O ritmo depois abrandou. O Galatasaray, que tem nomes com qualidade suficiente para fazer mais do que os quatro pontos com que terminou esta fase de grupos da Champions, tentava muitas vezes de forma atabalhoada chegar ao último terço mas, de uma forma consistente, os azuis e brancos conseguiam ir trancando linhas de passe e espaços sobretudo aos fantasistas Feghouli e Garry Rodrigues. Até que, nos últimos cinco minutos, foi bola cá, bola lá com os penáltis a fazer a diferença: primeiro Hernâni conseguiu “cavar” bem a falta de Mariano na área, aproveitando um toque imprudente do lateral, e Marega fez o 2-0 (42′); depois foi Garry Rodrigues a chegar primeiro do que Felipe, a sofrer falta do brasileiro e Feghouli a reduzir (45+1′).

Ao intervalo, Fatih Terim, o Imperador que é aplaudido de pé quando vai a caminho do banco de suplentes (e olhando para os resultados e para outras realidades, até podia ser assobiado…), fez uma única alteração e mexeu por completo no encontro: com a saída do médio defensivo Donk para a entrada do avançado Onyekuru, o Galatasaray desenhou muitas vezes um 4x2x4 que podia deixar a equipa exposta cá atrás mas que criou muitos problemas em termos defensivos aos dragões, que começaram a sofrer e viram os turcos desperdiçar duas bolas de golo isolados por Onyekuru e Derdiyok. Pelo meio, mais um golo.

Essa é a melhor forma de resumir a partida: sempre que havia uma aproximação com oportunidade mais perigosa dos turcos, os portistas iam lá abaixo e conseguiam marcar. No 3-1, o mérito começou em Marega, que conseguiu recuperar no último terço descaído sobre a direita, lançou em profundidade para Hernâni e o herói do último triunfo no Bessa foi à linha cruzar atrasado para o remate certeiro na área de Sérgio Oliveira, que marcou pela primeira vez na Europa (57′).

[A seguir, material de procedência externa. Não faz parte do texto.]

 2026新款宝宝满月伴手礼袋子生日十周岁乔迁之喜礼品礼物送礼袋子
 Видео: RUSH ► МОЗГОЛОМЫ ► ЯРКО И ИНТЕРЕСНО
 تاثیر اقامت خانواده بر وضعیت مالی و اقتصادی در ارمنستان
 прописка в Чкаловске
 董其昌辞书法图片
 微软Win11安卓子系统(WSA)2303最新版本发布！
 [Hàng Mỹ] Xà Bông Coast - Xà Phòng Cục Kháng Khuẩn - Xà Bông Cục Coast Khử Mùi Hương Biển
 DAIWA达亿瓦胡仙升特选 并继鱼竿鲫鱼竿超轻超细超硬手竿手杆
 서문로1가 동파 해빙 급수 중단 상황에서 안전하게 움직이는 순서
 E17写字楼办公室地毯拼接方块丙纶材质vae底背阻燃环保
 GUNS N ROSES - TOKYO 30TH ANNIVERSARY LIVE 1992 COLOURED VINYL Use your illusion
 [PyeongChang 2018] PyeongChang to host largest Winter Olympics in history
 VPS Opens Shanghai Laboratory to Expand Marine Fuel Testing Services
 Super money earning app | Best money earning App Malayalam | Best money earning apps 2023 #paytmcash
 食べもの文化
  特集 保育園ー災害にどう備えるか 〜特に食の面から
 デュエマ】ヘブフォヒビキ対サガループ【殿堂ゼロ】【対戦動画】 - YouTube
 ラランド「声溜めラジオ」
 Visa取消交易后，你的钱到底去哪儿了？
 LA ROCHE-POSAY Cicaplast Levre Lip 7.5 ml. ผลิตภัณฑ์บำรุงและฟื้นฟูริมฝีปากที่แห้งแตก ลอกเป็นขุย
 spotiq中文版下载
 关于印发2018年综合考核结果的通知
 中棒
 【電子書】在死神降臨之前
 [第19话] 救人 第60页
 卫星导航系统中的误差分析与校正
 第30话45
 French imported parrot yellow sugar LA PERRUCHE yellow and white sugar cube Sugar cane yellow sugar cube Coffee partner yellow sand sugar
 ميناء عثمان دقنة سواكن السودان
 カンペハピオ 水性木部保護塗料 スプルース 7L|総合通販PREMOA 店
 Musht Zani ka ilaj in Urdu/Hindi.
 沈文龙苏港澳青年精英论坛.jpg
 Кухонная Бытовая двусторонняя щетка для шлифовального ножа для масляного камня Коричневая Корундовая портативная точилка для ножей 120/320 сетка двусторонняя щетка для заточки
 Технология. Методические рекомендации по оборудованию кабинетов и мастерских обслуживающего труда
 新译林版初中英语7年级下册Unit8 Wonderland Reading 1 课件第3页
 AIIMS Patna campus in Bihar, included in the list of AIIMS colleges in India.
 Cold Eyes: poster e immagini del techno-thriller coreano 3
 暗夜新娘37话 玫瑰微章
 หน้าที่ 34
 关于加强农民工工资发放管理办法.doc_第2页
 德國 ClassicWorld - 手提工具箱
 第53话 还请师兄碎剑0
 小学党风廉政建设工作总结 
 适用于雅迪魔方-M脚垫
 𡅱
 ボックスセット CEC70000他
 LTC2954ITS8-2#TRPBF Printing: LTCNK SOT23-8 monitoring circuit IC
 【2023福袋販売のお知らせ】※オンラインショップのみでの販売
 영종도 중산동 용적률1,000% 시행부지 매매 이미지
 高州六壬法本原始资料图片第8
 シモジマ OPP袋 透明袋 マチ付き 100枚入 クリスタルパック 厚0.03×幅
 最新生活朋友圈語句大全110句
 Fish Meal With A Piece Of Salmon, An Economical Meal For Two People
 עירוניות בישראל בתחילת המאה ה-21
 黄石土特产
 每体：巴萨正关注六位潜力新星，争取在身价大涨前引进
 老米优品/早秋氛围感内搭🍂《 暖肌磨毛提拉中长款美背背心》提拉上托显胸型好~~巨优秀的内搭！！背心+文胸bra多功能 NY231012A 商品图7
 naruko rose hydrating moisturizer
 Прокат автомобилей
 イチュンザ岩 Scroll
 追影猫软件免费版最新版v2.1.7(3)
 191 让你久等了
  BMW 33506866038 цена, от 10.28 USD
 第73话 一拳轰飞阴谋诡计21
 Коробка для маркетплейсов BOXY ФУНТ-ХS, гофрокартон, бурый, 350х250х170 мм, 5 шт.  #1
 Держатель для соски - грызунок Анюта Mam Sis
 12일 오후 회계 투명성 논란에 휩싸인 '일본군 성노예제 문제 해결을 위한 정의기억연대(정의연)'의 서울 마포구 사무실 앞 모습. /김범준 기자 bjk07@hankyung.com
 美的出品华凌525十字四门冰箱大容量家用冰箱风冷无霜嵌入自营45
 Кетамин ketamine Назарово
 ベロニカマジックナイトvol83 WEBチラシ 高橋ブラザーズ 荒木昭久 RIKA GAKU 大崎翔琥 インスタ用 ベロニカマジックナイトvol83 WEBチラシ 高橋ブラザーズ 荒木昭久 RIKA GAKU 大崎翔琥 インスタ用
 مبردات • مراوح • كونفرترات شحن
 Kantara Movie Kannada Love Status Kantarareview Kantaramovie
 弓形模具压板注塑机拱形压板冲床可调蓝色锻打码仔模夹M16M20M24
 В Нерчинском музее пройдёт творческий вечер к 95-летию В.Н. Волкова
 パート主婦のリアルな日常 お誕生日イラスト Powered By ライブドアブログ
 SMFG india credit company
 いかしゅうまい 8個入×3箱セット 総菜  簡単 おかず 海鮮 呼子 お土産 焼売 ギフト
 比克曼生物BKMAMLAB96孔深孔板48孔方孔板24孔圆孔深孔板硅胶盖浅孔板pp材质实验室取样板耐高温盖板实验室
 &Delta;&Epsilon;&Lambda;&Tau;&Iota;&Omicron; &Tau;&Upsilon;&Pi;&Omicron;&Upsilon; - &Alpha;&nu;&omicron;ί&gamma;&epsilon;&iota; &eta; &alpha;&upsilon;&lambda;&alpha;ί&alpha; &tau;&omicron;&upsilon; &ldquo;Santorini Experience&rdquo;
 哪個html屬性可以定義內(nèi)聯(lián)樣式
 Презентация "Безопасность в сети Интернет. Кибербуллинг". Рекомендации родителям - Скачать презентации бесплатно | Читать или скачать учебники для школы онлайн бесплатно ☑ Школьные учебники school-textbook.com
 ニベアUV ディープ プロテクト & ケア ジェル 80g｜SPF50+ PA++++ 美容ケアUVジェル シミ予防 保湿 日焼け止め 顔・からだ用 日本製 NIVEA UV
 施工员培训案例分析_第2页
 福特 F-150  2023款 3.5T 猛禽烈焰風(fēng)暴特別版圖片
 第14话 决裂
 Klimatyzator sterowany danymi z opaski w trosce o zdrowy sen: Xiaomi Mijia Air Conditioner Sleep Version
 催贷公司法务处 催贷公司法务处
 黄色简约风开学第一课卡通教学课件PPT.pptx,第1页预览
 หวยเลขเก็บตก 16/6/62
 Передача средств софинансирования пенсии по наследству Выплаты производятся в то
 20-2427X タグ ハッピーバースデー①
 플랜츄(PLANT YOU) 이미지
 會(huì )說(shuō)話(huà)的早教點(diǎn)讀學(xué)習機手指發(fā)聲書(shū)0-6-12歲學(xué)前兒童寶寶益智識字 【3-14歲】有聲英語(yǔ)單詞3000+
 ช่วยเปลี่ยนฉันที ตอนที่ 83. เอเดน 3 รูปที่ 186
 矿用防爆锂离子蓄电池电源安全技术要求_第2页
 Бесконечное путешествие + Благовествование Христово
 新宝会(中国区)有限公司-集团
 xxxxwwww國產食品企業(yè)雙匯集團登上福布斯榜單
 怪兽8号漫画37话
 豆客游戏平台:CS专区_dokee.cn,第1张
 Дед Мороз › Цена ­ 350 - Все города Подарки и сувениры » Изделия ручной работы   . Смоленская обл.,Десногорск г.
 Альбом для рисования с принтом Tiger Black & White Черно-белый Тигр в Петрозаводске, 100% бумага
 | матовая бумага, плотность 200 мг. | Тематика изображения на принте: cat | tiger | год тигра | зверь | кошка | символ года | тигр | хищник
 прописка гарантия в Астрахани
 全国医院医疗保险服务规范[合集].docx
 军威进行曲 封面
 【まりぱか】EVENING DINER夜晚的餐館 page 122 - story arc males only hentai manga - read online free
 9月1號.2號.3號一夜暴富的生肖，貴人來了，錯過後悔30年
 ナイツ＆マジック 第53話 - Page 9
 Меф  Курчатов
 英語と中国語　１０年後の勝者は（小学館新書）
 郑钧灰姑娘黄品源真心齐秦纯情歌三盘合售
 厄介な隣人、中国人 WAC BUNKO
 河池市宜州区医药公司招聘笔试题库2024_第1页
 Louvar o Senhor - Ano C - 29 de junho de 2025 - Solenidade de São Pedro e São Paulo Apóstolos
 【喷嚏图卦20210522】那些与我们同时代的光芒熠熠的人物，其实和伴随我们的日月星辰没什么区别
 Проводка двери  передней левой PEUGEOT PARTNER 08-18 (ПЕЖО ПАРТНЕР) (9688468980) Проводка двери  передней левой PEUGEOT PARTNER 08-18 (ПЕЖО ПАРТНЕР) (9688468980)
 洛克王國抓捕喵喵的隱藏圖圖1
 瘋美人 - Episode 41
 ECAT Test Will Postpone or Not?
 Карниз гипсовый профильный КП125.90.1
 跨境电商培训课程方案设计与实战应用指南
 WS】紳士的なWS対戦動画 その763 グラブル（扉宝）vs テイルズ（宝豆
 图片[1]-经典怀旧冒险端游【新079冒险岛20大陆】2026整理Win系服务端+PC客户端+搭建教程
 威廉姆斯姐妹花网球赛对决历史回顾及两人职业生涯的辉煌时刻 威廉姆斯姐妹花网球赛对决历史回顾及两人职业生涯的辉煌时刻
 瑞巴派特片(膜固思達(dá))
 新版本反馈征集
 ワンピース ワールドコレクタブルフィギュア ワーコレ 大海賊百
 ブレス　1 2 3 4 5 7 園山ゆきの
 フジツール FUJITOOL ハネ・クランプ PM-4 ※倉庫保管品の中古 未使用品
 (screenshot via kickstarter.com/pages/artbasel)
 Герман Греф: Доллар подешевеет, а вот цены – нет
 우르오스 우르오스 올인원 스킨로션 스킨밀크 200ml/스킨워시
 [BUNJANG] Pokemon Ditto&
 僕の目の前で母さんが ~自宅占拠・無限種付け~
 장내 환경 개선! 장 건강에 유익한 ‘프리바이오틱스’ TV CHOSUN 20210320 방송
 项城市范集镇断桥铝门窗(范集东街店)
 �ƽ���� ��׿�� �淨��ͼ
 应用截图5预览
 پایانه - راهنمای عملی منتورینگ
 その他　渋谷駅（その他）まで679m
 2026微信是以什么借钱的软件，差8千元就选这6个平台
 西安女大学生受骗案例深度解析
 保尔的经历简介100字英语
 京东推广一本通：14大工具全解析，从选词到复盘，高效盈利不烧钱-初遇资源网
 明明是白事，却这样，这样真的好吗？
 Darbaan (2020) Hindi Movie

Foi mais um rude golpe no Galatasaray, que pareceu sempre mais perto de marcar até o FC Porto sair com critério e não perdoar em frente a Muslera, mas não o suficiente para arrumar com os turcos, empurrados pelo ambiente frenético criados pelos adeptos ao longo de todo o encontro: Derdiyok, que já perdoara duas chances claras, surgiu novamente na área isolado para encostar a contar para o 3-2 após assistência de Garry Rodrigues (65′); depois o cabo-verdiano ganhou a frente a Maxi Pereira, sofreu falta (mais uma forçada) em zona proibida mas o penálti de Feghouli acabou por bater na trave da baliza de Casillas (67′).

No final, as estatísticas confirmavam algo que se percebera durante os 90 minutos: o FC Porto teve a “estrela” do jogo, não só pela questão do penálti que podia ter empatado tudo a meio da segunda parte mas também pela forma como foi marcando nas alturas em que o Galatasaray parecia mais próximo do golo. Mas foi uma “estrela” conquistada não hoje mas nas últimas semanas, com dedo de Sérgio Conceição – pode jogar A, B ou C, pode ser mais ou menos difícil, mas a equipa azul e branca sabe sempre bem o que fazer, quando fazer e como fazer mediante o tipo de características que o jogo apresenta. Nos minutos finais, por exemplo, os portistas chegaram mesmo a desenhar uma linha de três centrais com a entrada de Chidozie e Marega acampado na frente à espera de bolas em profundidade. Não é bonito, é o que há. E o que há é uma equipa que, nesse contexto de leitura exímia de todos os momentos, soma 12 vitórias consecutivas e igualou o melhor registo na fase de grupos da Champions.